Alors qu'on attendait le Rondo Capriccioso de Saint-Saëns, le programme annonce la Fantaisie de Schubert : encore une belle métaphore du chemin parcouru par le violoniste. L'œuvre n'est pas moins redoutable mais demande une qualité d'introspection qui fait défaut au rondo virtuose. Dans le sillage de David Oistrakh, Vengerov allie un calme olympien à une déconcertante habileté instrumentale. De l'école russe dont il est issu, il conserve l'uniformité du timbre dans les différents répertoires, avec l'exploit de ne commettre aucune faute de goût : ah, ces forte subito pachydermiques sur la corde de sol ! Cette marque de fabrique du jeune Vengerov – un fameux live du concerto de Sibelius à Cologne en rend compte – est ici fort perceptible, mais épouse étonnamment sans effort le phrasé schubertien. Il faut dire que derrière lui, Roustem Saïtkoulov souffle le vent de la liberté : rare et impeccable exemple d'un artiste exceptionnel assumant pleinement son rôle « d'accompagnateur », à la façon d'un Emmanuel Bay ou d'un Gerald Moore au temps de Heifetz et de Fischer-Dieskau.
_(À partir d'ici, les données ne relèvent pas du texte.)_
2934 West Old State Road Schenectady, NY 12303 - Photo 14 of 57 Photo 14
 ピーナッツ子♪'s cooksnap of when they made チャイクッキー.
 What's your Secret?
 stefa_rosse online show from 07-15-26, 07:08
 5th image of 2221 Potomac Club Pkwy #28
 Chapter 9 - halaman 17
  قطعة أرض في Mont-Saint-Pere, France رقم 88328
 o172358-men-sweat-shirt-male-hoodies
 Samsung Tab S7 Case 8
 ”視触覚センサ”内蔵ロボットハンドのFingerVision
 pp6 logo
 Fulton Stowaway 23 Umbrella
La fin de la soirée sera consacrée à quatre miniatures brahmsiennes : l'efficace scherzo de la Sonate F-A-E permet au violoniste d'incarner toujours plus cette figure d'autorité enflammée que sa nouvelle posture lui confère. L'art du spiccato est consommé chez Vengerov, allant du halètement incertain aux coups de griffe quasi battato. C'est particulièrement sensible dans les trois Danses hongroises, arrangées par Joachim auquel la sonorité de Vengerov semble rendre un discret hommage depuis le début du concert. Le tourbillon s'annonce toujours plus virtuose, alors que des staccato, arpèges dégainés à toute vitesse, et d'inattendus pizzicati de la main gauche se font entendre.

La tornade sera de courte durée : deux bis inattendus (les mouvements centraux des sonates d’Elgar et Ravel) achèvent la consécration de Vengerov comme artiste complet, caracolant avec humour et intelligence sur le chemin étroit réconciliant le virtuose et le musicien. Vengerov a trouvé son point d’équilibre. La dernière des réjouissances de la soirée sera de comprendre que ce moment de grâce n’a rien d’une exception, et qu’on peut espérer revoir l’artiste dans la même forme lors de ses prochains récitals.